Description
Following our earlier conversation @ikreymer, I'm posting the complex behaviour I've been working on here. I've been using the Chrome Tampermonkey extension to manage the development of the behaviour as a user script.
The target is the current https://sounds.bl.uk site, which uses lots of complex widgets to play audio tracks and build large trees of links that are loaded dynamically.
The script looks like this:
// ==UserScript==
// @name sounds.bl.uk-auto
// @namespace http://tampermonkey.net/
// @version 0.1
// @description Try to archive something totally tricky.
// @author Andrew Jackson <[email protected]>
// @match https://sounds.bl.uk/*
// @icon https://www.google.com/s2/favicons?sz=64&domain=bl.uk
// @grant none
// ==/UserScript==
// Implements automation of complex AJAX widgets on https://sounds.bl.uk/
// A good, complex example: https://sounds.bl.uk/Arts-literature-and-performance/Theatre-Archive-Project/
(async function() {
'use strict';
async function sleep(ms){
return new Promise(function (resolve, reject) {
setTimeout(()=>{
resolve();
},ms);
})
}
async function open_all_lists() {
while(true) {
var l = document.querySelectorAll('div[aria-hidden="false"] li[class="closed"] a');
console.log(l);
if ( l.length > 0 ) {
for ( var e of l ) {
e.click();
await sleep(1000);
}
} else {
break;
}
}
}
// Note that this doens't really work in Chrome because https://developer.chrome.com/blog/autoplay/ so need to override that for automation to work fully
async function run_all_players() {
var ps = document.querySelectorAll(".playable");
for (var button of ps) {
button.click();
await sleep(1000);
}
}
await sleep(4000);
// Run players:
await run_all_players();
// Open all lists on first tab:
await open_all_lists();
// Iterate over other tabs:
var tabs = document.querySelectorAll(".tabbedContent > ul > li > a");
for( var tab of tabs ) {
// Switch tab:
tab.click();
await sleep(2000);
// Iterate over closed list items:
await open_all_lists();
}
})();
It's still not perfect as a crawl script.
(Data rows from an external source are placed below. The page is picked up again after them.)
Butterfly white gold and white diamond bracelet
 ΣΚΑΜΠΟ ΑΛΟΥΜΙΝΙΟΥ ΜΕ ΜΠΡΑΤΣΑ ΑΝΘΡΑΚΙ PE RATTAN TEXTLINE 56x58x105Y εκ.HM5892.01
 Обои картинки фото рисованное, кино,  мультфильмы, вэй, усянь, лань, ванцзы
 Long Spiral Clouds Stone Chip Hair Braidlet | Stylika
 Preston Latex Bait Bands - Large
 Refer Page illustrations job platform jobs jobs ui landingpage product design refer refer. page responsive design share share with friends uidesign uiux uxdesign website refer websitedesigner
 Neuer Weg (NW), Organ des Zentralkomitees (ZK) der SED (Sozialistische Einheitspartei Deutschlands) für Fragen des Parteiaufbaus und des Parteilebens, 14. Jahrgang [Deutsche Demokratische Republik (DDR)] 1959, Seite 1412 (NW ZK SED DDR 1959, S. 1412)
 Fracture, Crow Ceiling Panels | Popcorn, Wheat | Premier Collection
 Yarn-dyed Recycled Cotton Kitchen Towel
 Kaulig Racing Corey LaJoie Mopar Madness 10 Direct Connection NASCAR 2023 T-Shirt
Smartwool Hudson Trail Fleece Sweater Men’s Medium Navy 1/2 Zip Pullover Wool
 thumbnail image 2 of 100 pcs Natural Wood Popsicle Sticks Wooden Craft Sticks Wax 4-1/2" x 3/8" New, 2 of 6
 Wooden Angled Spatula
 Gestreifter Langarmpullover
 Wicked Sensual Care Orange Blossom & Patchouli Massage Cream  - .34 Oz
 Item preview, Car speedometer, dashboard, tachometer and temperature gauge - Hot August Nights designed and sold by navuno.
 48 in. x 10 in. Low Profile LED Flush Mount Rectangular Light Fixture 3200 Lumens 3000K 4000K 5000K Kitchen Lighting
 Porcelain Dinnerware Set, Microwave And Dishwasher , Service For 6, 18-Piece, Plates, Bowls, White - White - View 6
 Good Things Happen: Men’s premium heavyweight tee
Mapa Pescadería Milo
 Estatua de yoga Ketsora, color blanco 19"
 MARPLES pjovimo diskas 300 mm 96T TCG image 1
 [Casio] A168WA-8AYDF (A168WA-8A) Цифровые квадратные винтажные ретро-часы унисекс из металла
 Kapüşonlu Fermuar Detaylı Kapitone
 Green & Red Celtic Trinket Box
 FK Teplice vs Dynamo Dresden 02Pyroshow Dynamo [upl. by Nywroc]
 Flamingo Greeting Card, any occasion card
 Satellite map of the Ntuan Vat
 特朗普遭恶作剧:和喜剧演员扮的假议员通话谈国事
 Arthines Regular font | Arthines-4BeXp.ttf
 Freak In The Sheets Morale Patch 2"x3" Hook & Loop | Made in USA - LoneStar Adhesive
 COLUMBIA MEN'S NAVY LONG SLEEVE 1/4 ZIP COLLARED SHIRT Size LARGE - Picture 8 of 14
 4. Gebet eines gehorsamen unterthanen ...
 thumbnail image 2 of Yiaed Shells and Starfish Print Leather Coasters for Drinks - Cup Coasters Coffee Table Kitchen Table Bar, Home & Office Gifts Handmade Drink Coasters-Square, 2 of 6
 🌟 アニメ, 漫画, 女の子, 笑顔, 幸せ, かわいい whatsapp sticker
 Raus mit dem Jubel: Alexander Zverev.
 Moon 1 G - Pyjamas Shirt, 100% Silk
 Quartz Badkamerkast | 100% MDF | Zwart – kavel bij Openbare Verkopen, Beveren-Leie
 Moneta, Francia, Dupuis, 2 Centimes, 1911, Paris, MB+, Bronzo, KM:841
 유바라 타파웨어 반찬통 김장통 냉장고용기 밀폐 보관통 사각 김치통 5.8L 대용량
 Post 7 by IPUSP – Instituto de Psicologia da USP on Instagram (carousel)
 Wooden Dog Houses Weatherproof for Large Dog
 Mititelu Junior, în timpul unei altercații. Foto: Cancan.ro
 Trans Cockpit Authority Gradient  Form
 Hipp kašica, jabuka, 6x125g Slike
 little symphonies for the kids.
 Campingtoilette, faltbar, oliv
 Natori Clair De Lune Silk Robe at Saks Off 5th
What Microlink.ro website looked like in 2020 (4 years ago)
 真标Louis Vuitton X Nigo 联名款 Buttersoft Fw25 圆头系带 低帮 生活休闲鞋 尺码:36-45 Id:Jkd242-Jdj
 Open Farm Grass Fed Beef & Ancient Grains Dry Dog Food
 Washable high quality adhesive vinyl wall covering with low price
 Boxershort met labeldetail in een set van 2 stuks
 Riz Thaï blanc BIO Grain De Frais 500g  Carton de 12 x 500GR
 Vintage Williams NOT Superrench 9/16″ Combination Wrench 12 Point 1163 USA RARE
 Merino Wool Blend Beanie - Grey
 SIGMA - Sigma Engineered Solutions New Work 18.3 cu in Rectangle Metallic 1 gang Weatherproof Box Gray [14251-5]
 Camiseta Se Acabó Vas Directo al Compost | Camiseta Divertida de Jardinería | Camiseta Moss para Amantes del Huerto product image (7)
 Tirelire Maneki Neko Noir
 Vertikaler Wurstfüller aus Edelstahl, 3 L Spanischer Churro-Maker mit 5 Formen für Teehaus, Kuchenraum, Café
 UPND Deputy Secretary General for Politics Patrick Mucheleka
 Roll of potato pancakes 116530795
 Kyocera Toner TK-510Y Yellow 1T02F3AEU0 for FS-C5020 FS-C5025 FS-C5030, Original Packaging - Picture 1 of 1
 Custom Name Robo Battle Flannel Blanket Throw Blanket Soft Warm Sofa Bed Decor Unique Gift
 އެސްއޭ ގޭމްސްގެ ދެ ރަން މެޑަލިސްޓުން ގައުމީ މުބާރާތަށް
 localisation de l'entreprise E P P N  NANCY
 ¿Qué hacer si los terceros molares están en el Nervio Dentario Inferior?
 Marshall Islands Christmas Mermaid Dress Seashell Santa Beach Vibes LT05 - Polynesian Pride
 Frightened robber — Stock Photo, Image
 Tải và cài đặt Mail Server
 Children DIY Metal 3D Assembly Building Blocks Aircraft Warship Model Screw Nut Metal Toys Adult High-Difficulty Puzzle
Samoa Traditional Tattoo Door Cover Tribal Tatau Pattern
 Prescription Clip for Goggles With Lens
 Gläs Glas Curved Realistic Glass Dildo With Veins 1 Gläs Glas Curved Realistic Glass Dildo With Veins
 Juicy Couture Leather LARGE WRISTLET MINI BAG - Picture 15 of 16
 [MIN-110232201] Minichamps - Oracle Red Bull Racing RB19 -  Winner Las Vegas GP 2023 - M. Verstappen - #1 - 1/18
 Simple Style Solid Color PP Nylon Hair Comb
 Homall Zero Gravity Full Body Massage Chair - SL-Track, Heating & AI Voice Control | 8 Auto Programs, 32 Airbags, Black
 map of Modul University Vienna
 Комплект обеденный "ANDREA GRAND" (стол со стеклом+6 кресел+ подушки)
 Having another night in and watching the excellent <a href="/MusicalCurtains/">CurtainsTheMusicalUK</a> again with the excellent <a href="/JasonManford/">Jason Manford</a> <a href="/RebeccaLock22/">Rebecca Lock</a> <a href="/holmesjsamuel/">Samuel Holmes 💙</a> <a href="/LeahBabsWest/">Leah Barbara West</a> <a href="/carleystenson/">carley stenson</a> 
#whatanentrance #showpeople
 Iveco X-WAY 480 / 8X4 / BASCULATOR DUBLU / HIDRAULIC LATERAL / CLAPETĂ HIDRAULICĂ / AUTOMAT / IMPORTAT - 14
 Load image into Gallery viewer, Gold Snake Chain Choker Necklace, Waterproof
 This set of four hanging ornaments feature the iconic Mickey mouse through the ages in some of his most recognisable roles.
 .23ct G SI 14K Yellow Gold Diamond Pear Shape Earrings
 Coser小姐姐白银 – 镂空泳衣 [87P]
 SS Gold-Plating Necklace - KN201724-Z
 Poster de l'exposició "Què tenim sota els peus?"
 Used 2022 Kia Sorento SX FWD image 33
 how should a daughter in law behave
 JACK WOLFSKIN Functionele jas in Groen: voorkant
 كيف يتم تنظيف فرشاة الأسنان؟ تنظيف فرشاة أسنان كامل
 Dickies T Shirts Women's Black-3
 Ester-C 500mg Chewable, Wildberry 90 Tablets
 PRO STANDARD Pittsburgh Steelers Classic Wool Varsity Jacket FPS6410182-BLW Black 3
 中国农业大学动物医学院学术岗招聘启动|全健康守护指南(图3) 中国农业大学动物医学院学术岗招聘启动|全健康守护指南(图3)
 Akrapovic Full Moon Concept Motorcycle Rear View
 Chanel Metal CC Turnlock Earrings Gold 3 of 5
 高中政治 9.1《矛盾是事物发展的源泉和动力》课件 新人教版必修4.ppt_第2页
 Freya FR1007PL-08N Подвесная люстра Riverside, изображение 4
I have tried using it in a Scrapy crawler running behind PyWB in archiving proxy mode, and it struggles with the audio files. There can be quite a few per page, and they are fast in normal use because the system uses HTTP range requests. Archiving HTTP 206's doesn't work, so PyWB grabs the files with a 200 and then returns chunks. But this makes the timing tricky to get right.
This ticket is not so much about archiving this particular site, but more about how best to develop new behaviours like this, and how best to test them and test the integration of them into Browsertrix Crawler.